- Majra Nand Karan Location in Haryana, India Majra Nand Karan Majra Nand Karan (India)
- Coordinates: 29°39′35″N 76°28′36″E﻿ / ﻿29.659584°N 76.476753°E
- Country: India
- State: Haryana
- District: Kaithal district

Government
- • Type: Local government
- • Body: Panchayat

Area
- • Total: 7.45 km^{2} (2.88 sq mi)
- Elevation: 231 m (758 ft)

Population (2011)
- • Total: 3,163
- • Density: 425/km^{2} (1,100/sq mi)

Languages
- • Official: Hindi
- Time zone: UTC+5:30 (IST)
- PIN: 136027
- Telephone code: 01746
- Vehicle registration: HR-08
- Literacy: 67.81% (total); 79.65% (male); 53.40% (female);
- Sex ratio: 830 ♂/♀

= Majra Nand Karan =

Majra Nand Karan village is located in Kaithal Tehsil of Kaithal district in Haryana, India. It is situated 19 km away from Kaithal, which is both district & sub-district headquarter of Majra Nand Karan village. As per 2009 stats, Majra Nand Karan village is also a gram panchayat. On the main chowk of the Village there is a beautiful Statue of SHAHEED-A-AZAM BHAGAT SINGH JI.

==Demographics==
Most of the population of the village is Hindu and widely spoken language is Haryanvi.

==Schools==
- Govt. high school, Govt.primary school

==Transportation==
The nearby Railway stations to Majra Nand Karan village are New Kaithal Halt Railway station (NKLE) and Kaithal Railway station (KLE).

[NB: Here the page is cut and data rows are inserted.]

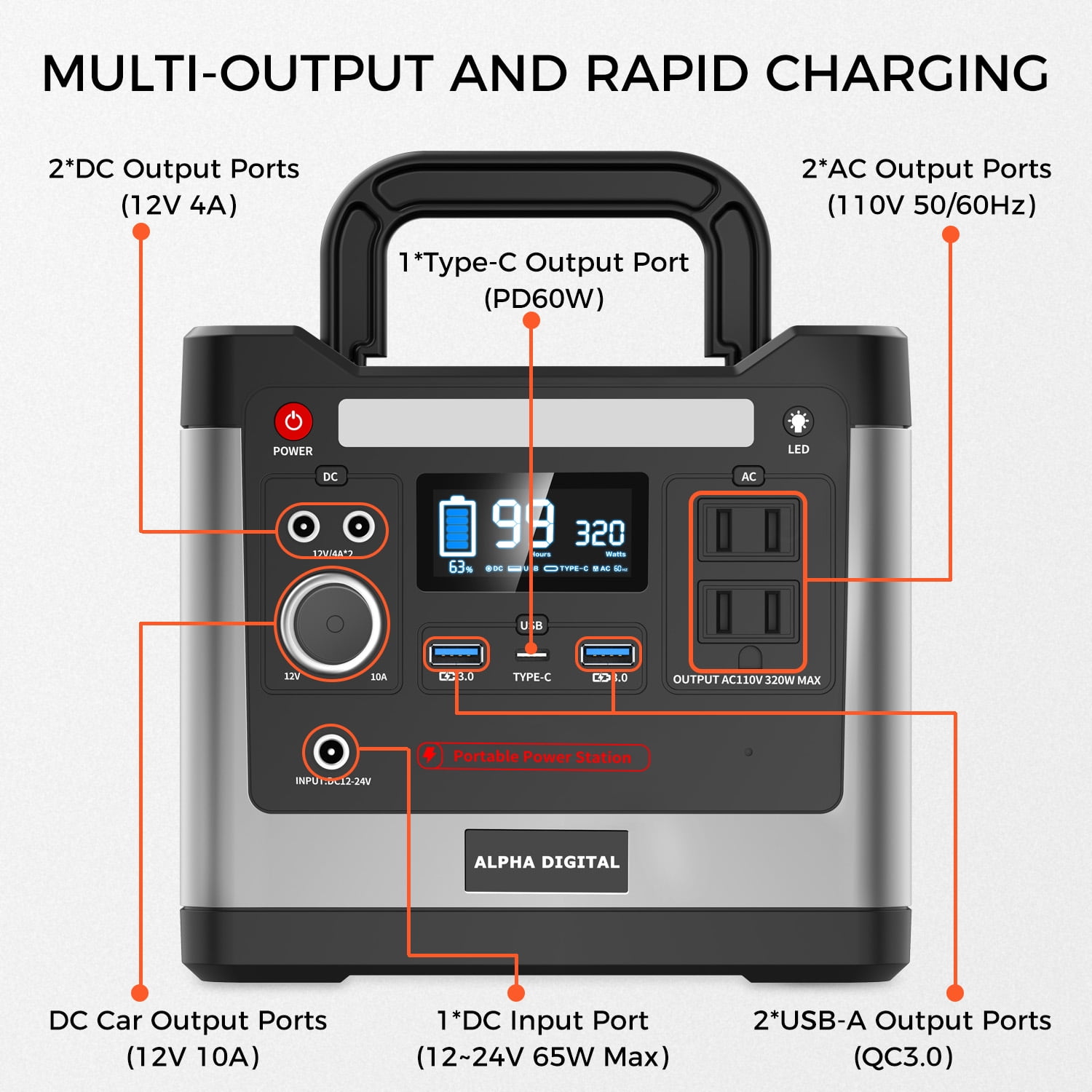 Alpha Digital 320W Continuous 500W Peak Portable Power Station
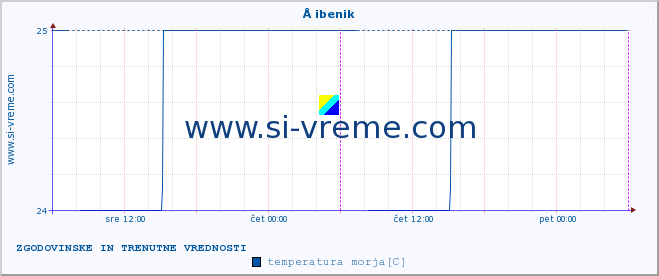 POVPREČJE :: Å ibenik :: temperatura morja :: zadnja dva dni / 5 minut.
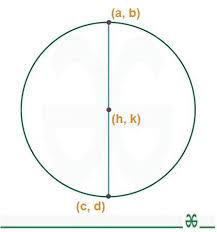 Center Of Circle Definition Formula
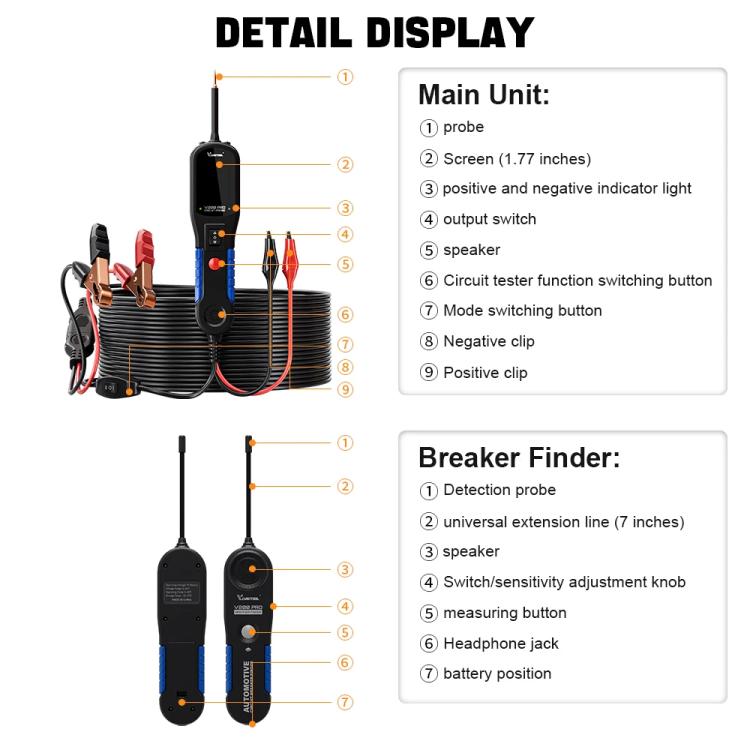 Automobile circuit tester set with handheld main unit, extension leads, and output clips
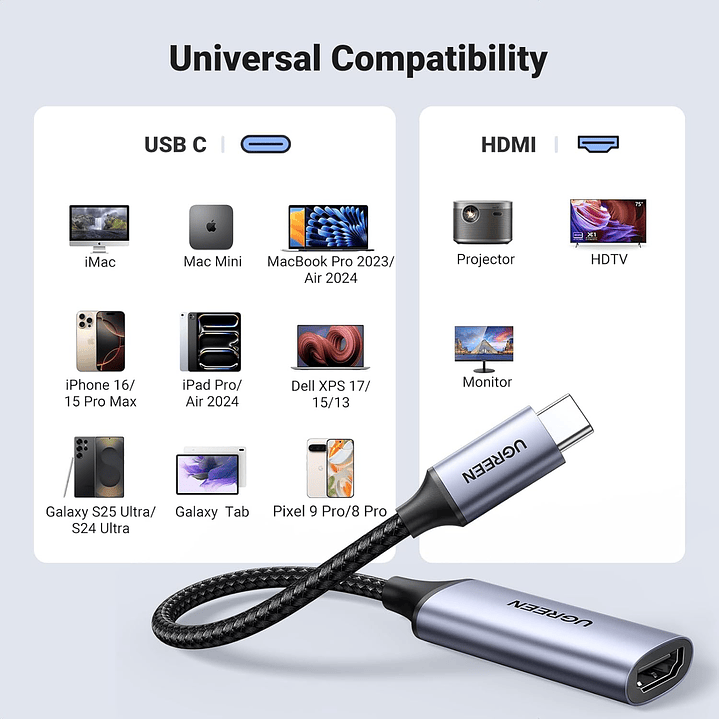 UGREEN USB C to HDMI Adapter Cable 4K@60Hz Aluminum Type C Thunderbolt 4/3 Converter Male to Female 2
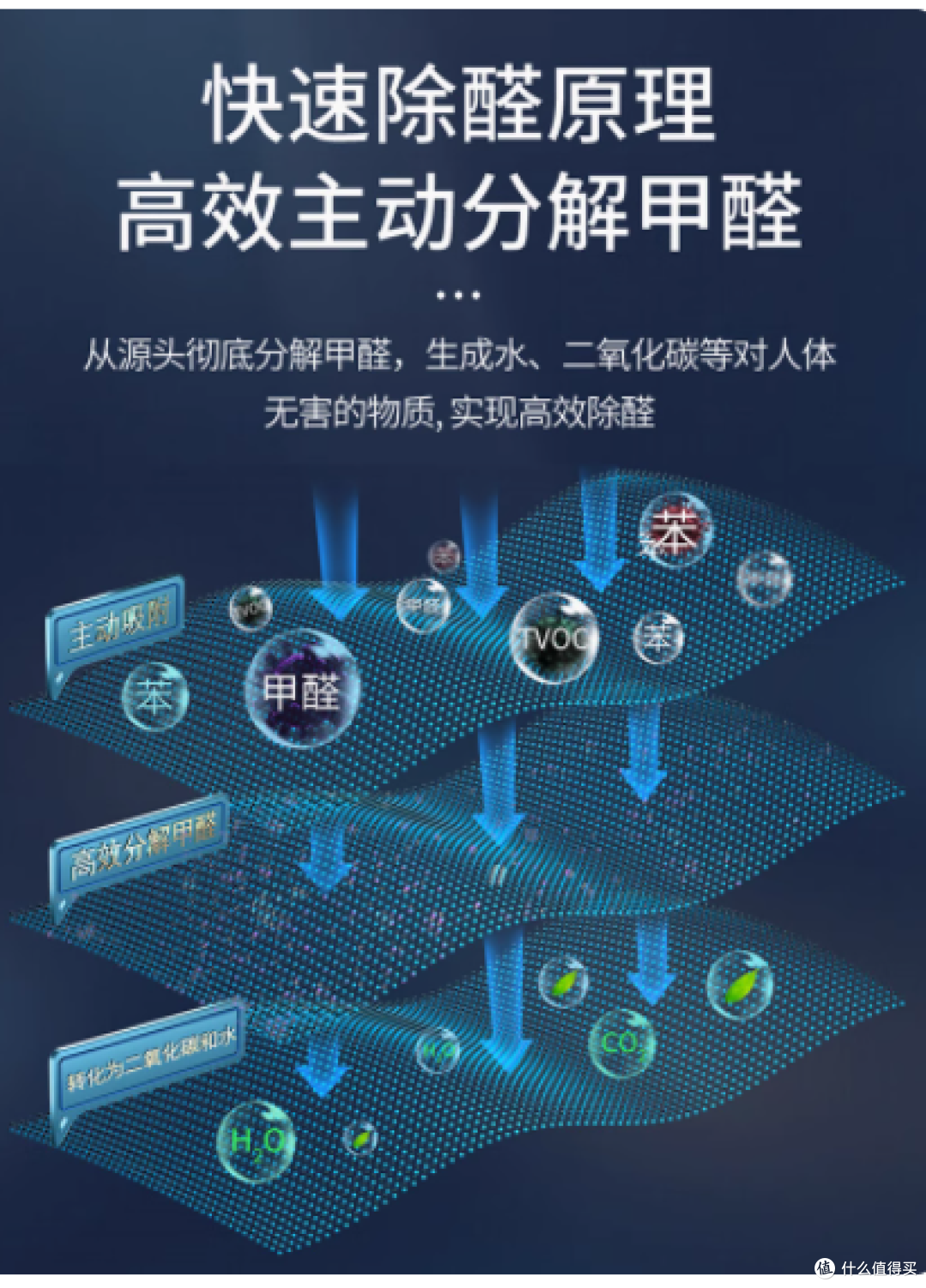 山山活性炭新车除甲醛去异味,守护您的清新驾驶空间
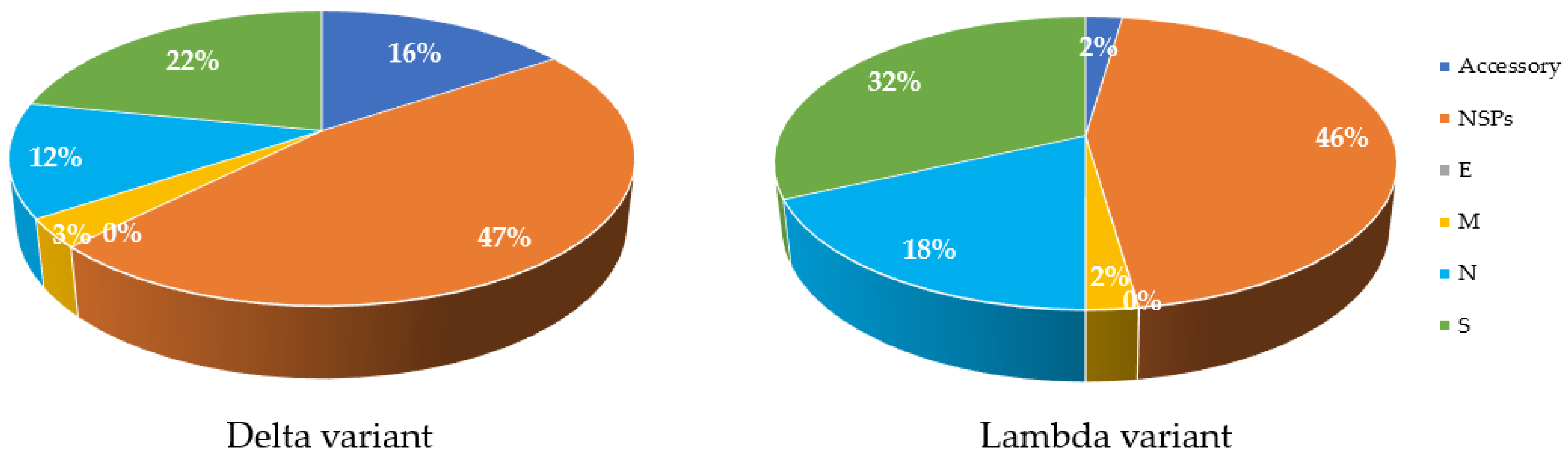 Microorganisms 09 02167 g003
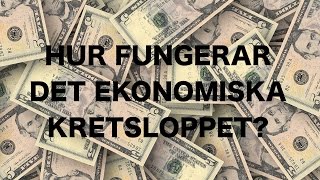 Hur fungerar det ekonomiska kretsloppet [upl. by Pernas]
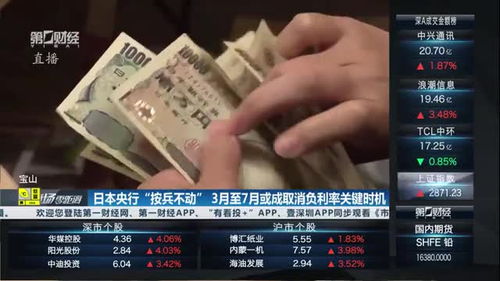 韩国将在必要时采取措施应对汇率波动 韩国将在必要时采取措施应对汇率波动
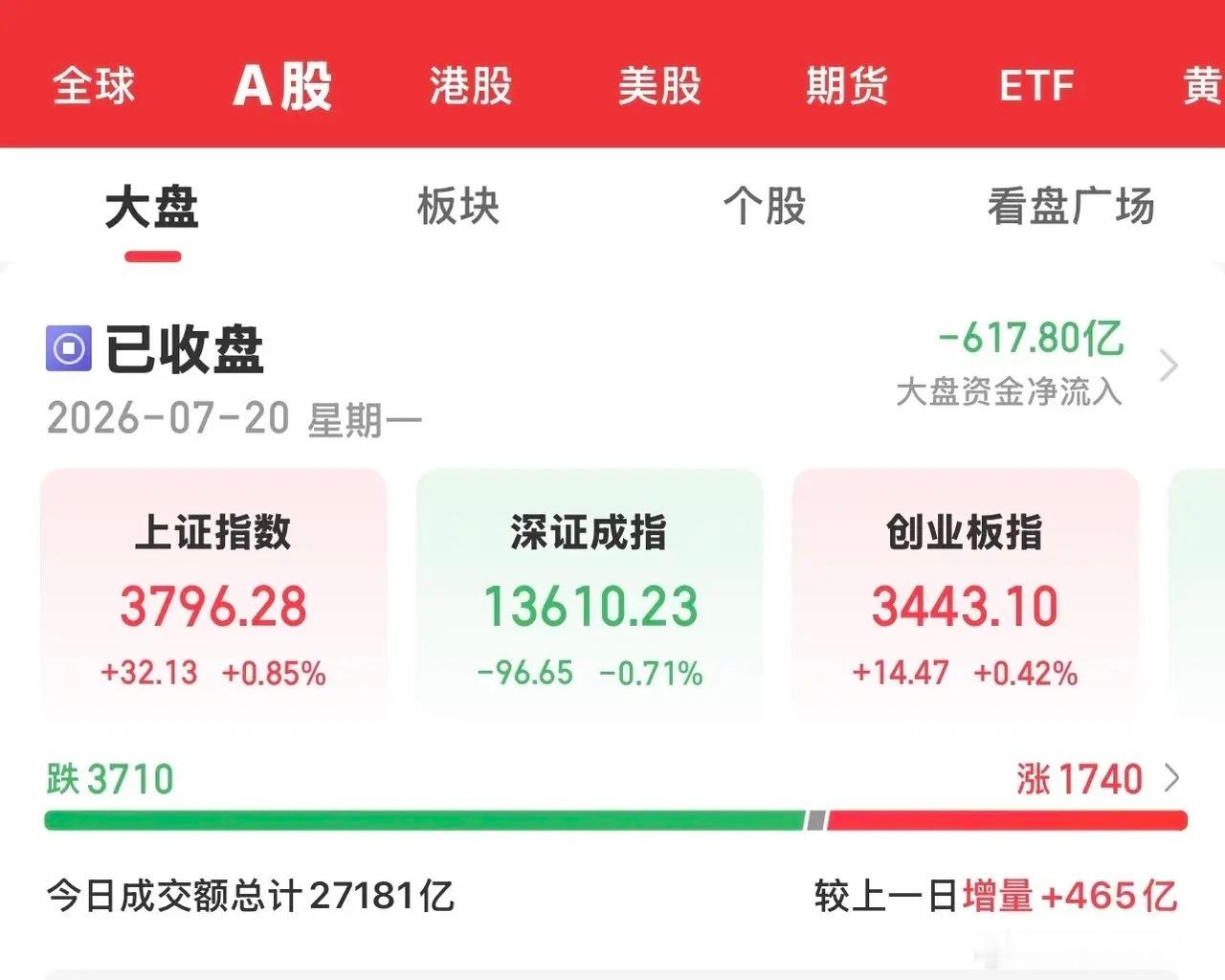 今天收盘，三大指数涨跌不一。上证指数涨0.85%，深证成指跌0.71%，创业板指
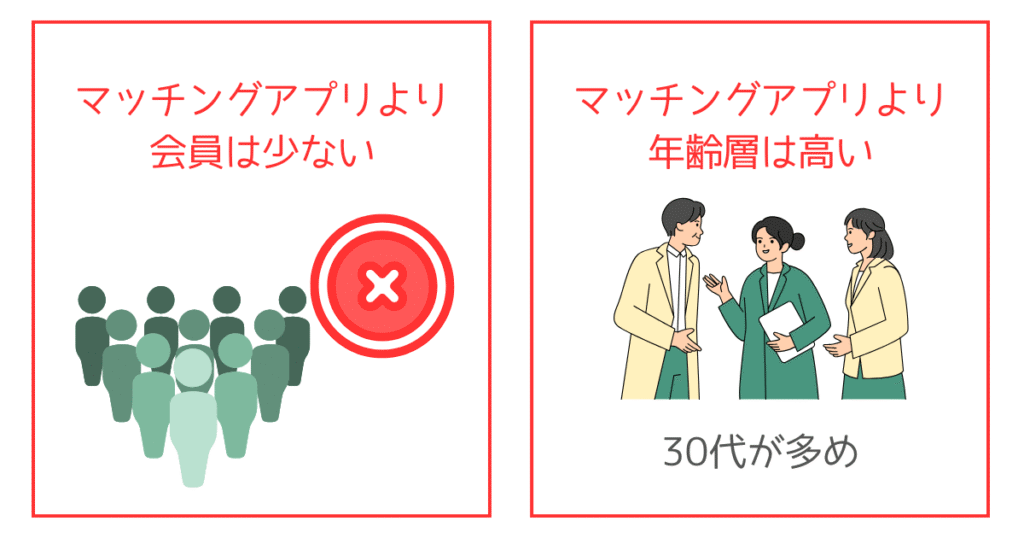 ゼクシィ縁結びの残念な点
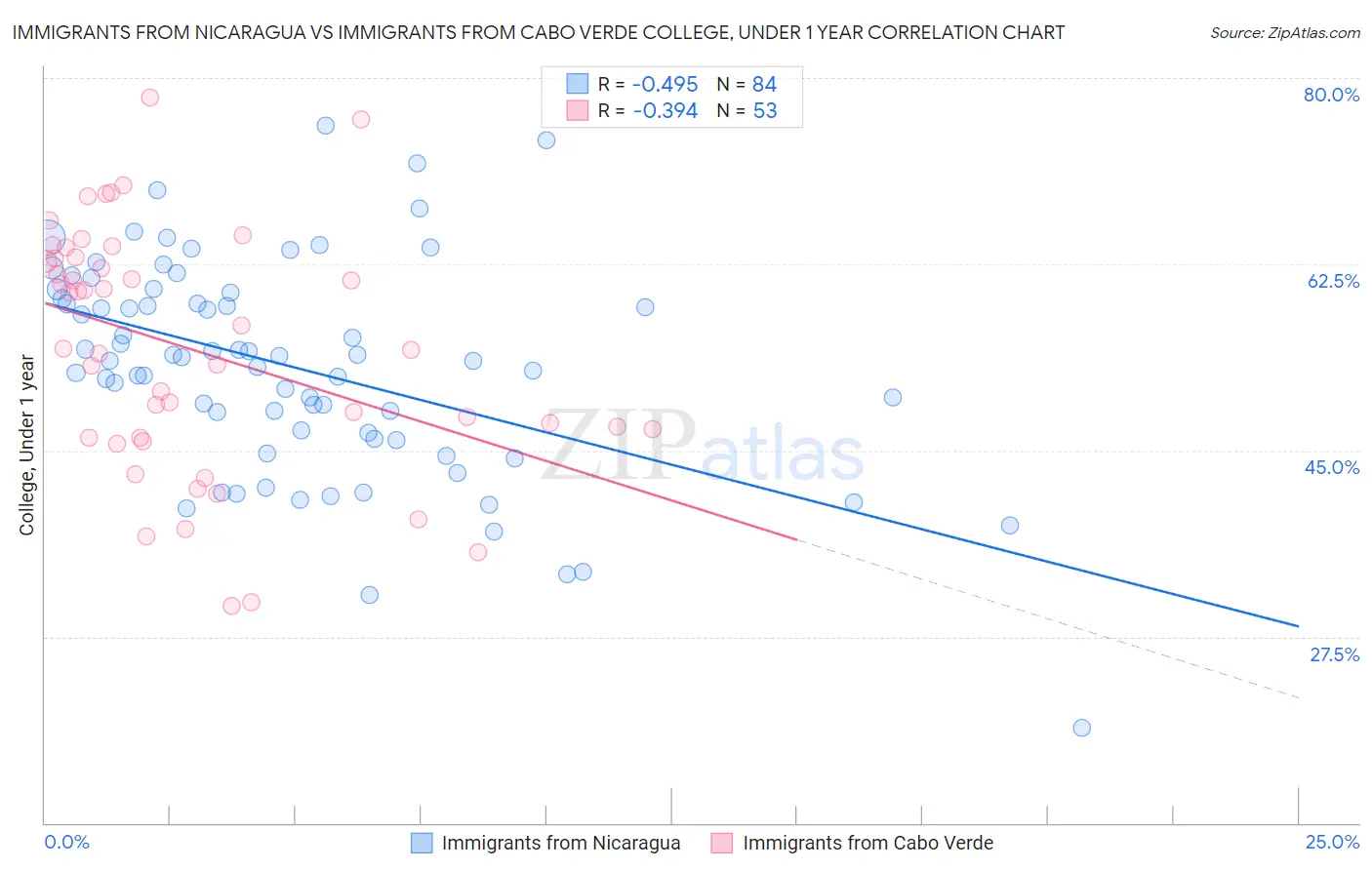 Immigrants from Nicaragua vs Immigrants from Cabo Verde College, Under 1 year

From Kaithal bus stand, bus services are also available to Delhi, Hisar, Chandigarh, Jammu and many other places. For Inter-state travel HR buses are also available from nearby town Rajound.

==Yuva Samiti==
Since 2016 Shaheed Bhagat Singh Yuva Sangthan is doing work In the Village.Yuva sangthan is the organization of sanskritik Ragni program, that takes plas every year on 27,28 September Since 2016. All the countries most famous singers like Pale Ram, Ranbir badwasniya, Ramesh kalawadiya, vikash pasoriya, amit malik, vikash satrod, ishwar chhatter come to perform at the festival.